Fourth, information acquisition awareness enhances the strength of farmers’ social networks through information exchange and cooperation, thus promoting farmers’ adoption of STFFT. However, there is no correlation between the awareness of information values, the awareness of information need recognition, and the adoption of STFFT.
This study has important policy implications. First, the government should strengthen technology popularization and knowledge popularization. For example, the government could set up technical training centers in local village committees, agricultural technology stations, and other places; invite experts for field guidance and technical exchanges; and introduce the benefits and operational methods of STFFT to farmers.
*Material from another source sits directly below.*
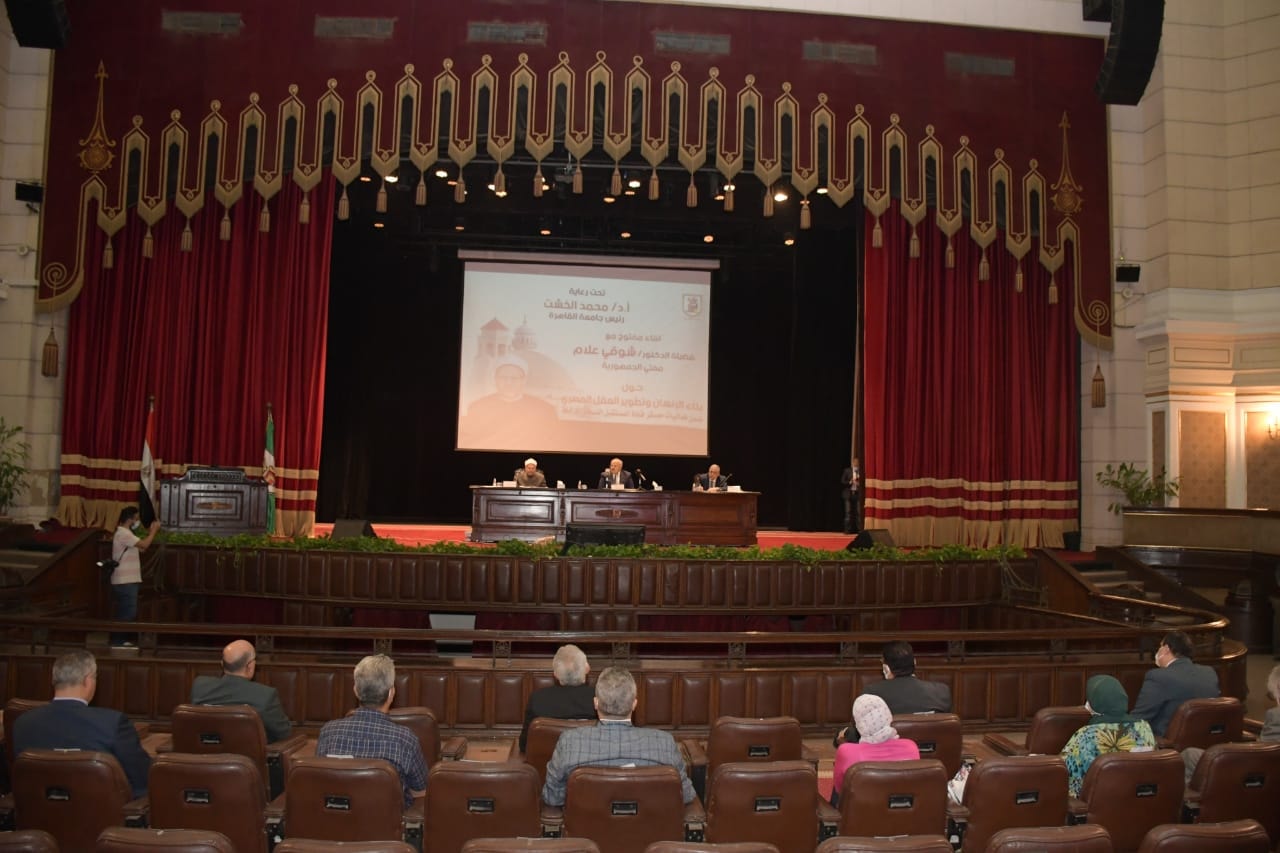 239908013_5976672732373845_25572593181166295_n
In addition, the government could establish relevant websites and social media accounts to popularize relevant knowledge and technology to farmers online, to improve their awareness of STFFT. Second, the government could increase support for environmentally friendly agriculture and establish relevant incentive mechanisms, such as giving certain tax incentives or financial subsidies to farmers who use STFFT. In addition, the government could also strengthen the publicity around environmental protection, guide farmers toward the concept of green development, cultivate environmental awareness, and promote green and sustainable agricultural development. Third, the government could encourage the establishment of agricultural cooperatives, farmers’ specialized cooperatives, and other organizations, to organize exchange activities among farmers to strengthen communication and cooperation, as well as share the experience of using STFFT to improve farmers’ confidence and the adoption rate of STFFT. In addition, the government could also strengthen the contact and coordination between agricultural technical experts and farmers and provide farmers with more professional technical support and services.
There are three limitations to this study. First, this paper constructed an evolutionary game model to analyze the adoption of STFFT only from the farmers’ perspective, without considering the influence of other stakeholders. Therefore, in the future, the adoption of agricultural green technology by different stakeholders could be considered. Second, although the causal mechanism of environmental values, information awareness, and social networks on STFFT adoption was investigated in the case study, the quantitative causal relationship between them cannot be accurately estimated. Therefore, future studies could use more precise research methods, such as experimental studies, longitudinal studies, or analysis based on big data, to more accurately estimate the causal quantitative relationship between these factors. Third, this study only focused on a typical case in Linzhou city, Henan province, China, which may have regional restrictions. Therefore, it is necessary to expand the research scope further, to ensure the applicability and generalization of the research results.